We follow serial killer Jack (Matt Dillon, never better) over the years through flashbacks, as he converses off-screen with an unseen figure (Bruno Ganz), going through his "work". It becomes obvious as the film unfolds, that Lars Von Trier is Jack, whom he presents as some kind of monstrous artist, who is allowed to gets away with, well, murder. Indeed Jack keeps mentioning how amazed he is that he never gets caught by the police throughout his killing spree, and the same thing could be said about the director, feted by art institutions the world over despite his increasing provocations.

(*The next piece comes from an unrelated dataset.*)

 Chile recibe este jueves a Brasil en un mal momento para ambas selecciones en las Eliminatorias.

Does Lars Von Trier enjoy the violence he portrays? It's complicated. We certainly are not meant to "enjoy" the violence in The House That Jack Built and root for Jack (it'd be a bit like saying we're supposed to root for Patrick Bateman in American Psycho), but the director makes the audience complicit however. The film is split into five sections, each following one of his murders (called "incidents"), and the first one has Uma Thurman (in another star cameo of the caliber of Nymphomaniac) as a "woman in peril" whom he finds on the side of an isolated road, having had a car engine breakdown. A confident woman, who comes across as stubborn and demanding to the point that we begin to find her annoying, just like he does. It is almost as if she is provoking him, inviting him to commit his first crime, the kind of thoughts male abusers have about their victims. This early bait that the director has set works, as an audience member applauded when she gets killed (hardly a spoiler, I mean, what did you think was going to happen?). It is obviously completely the wrong reaction to have, but this scene forces us to confront our own "enjoyment" of violence in horror cinema, where unpleasant characters get their comeuppance.

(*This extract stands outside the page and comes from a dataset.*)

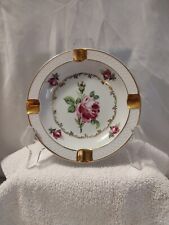 🔥 Vintage Schumann Germany Ashtray Gold Floral  (6 Inch) picture
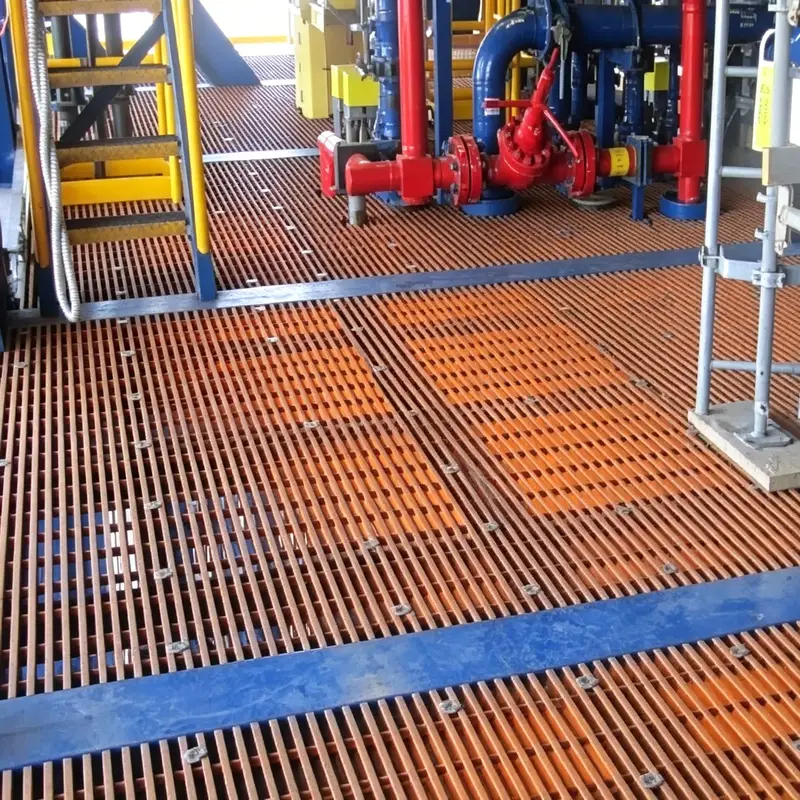 Mingchi corrosion-resistant pultruded FRP grating for industrial chemical plant platforms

Later on, the centrepiece of his "art" is a triple murder so repulsive that one has to wonder if he is trying to push the limits to see how far he can go, and how far we will follow him. A few murders later, Jack has the kind of talks "incel" have to justify their hatred of women, with all his female victims being described as "stupid". In a rare moment of what seems to be a normal life, Jack has a relationship with a woman who he calls "Simple" (Riley Keough, superb), and his repeated putdowns of the poor woman are nearly more disturbing than the actual crimes, reminding us of how many women have to put up with that kind of talks, in relationships or even workplaces.
The film is violent and disturbing, but not quite as gory as one might have expected, and probably not as graphic as Antichrist. It is telling that a scene of disgusting animal violence caused the most audible gasp in the audience, proving yet again that we are often more upset by the plight of animals than human beings.
The house that Jack keeps trying to build over the year, then destroys repeatedly before finally achieving it in the most unexpected way is an artist's magnum opus. What follows is a twenty minutes long epilogue of furious inventiveness, totally at odd with what we have just seen stylistically, and among the most striking scenes the Danish director has ever conjured up.
As different as the stories are, Lars Von Trier's latest film feels like a companion piece to his Melancholia, with some similar visual compositions, and where the destructive force of depression has here been replaced by a resigned lack of hope. The House That Jack Built is a radical work, the act of self-loathing of an artist who feels trapped in his provocations and the own hell he has built for himself, while at the same time being unable to resist his compulsion to tease. It is a film that condemns abuse towards women in all its forms, but one that he already knows will be misunderstood.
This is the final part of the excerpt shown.